To be sure, the effects of the banking crisis, as well as the ongoing pace of consolidation within the industry, have reduced the total number of banking organizations by more than a third since 1980...The new firms come into existence often to replace old firms that were not willing or able to take on the risks associated with high-growth strategies. This replacement of stagnating firms with dynamic new firms--what the economist Joseph Schumpeter called the "perennial gale of creative destruction"--is at the heart of our robust, growth-oriented economy. It is this freedom to take on risk that characterizes our economy and, by extension, our banking system. Legislation and regulation of banks, in turn, generally should not aim to curtail the predilection of businesses and their banks to take on risk--so long as the general safety and soundness of our banking system is maintained.

Alan Blinder

Wed, September 25, 1996

I think it would surprise most of you to learn that a time-and-motion study of the daily lives of Federal Reserve Governors would reveal that most of their efforts are devoted to bank regulatory issues, broadly defined.
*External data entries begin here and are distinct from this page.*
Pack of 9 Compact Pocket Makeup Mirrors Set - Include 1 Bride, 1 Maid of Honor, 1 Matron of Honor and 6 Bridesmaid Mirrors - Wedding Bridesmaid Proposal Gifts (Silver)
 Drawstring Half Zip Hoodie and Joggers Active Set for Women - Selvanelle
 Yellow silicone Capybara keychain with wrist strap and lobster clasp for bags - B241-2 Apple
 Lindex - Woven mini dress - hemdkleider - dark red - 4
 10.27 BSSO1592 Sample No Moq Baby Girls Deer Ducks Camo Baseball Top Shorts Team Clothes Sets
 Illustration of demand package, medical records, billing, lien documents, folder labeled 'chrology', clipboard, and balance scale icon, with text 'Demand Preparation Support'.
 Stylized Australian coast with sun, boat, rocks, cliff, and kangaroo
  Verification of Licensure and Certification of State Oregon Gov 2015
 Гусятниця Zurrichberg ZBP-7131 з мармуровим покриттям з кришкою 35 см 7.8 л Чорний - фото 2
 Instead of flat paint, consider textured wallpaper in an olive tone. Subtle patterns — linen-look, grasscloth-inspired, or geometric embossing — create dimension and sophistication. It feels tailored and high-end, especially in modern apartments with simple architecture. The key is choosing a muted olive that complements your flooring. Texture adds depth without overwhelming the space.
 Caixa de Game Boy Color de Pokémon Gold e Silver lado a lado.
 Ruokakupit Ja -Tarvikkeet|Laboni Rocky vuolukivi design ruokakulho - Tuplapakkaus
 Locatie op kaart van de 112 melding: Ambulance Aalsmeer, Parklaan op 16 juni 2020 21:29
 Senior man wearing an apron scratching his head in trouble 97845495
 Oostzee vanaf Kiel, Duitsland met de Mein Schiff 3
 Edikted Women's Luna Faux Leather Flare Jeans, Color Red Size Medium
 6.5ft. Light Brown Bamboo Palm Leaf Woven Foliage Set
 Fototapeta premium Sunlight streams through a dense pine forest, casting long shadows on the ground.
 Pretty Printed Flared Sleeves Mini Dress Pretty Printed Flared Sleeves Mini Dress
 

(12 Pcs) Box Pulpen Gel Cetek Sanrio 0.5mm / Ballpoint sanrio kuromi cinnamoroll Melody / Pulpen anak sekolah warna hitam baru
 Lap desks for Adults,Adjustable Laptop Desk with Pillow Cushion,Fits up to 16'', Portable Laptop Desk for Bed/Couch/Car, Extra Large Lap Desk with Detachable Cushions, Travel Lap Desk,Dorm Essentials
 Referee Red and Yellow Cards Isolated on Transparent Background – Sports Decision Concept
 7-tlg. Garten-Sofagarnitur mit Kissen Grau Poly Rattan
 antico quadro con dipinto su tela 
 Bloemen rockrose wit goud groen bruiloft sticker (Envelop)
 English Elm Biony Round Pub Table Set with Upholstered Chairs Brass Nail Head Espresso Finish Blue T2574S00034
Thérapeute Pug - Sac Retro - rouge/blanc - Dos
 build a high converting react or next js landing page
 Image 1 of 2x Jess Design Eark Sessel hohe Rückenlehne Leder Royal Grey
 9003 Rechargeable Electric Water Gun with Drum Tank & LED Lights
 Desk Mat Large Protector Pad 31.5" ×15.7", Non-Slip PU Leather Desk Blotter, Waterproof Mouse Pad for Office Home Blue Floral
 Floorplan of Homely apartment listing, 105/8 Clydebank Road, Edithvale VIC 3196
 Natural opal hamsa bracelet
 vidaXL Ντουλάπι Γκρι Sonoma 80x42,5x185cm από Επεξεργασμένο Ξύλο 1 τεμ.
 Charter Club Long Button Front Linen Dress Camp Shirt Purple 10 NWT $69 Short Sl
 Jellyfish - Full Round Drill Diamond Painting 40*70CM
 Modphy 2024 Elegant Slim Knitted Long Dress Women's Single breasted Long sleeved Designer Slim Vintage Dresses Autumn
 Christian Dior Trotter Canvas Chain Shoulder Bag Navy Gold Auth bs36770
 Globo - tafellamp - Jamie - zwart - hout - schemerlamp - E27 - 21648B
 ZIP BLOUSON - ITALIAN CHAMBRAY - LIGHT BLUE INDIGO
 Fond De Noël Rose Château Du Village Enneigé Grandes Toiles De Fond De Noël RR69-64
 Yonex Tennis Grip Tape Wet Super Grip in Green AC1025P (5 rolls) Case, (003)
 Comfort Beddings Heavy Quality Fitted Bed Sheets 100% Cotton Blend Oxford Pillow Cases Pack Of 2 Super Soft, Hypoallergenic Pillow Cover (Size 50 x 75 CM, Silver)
Most of this business is routine, extremely familiar, and intensely interesting to the banking industry, and totally unknown, deeply obscure, and generally quite boring to everybody else in society.

E. Gerald Corrigan

Wed, May 02, 1990

With any troubled financial institution, but especially in the case of large institutions, I believe discipline will be better served in a context in which the authorities maintain a policy of what I like to call "constructive ambiguity" as to what they will do, how they will do it, and when they will do it.  In saying this, I recognize that financial market particants do not like uncertainty, but that is just the point.  Moreover, while I fully understand the yearning in some quarters for the cookbook approach to problems in financial markets or institutions--large institutions especially--I regret to say that in my judgment such a cookbook does not and never will exist.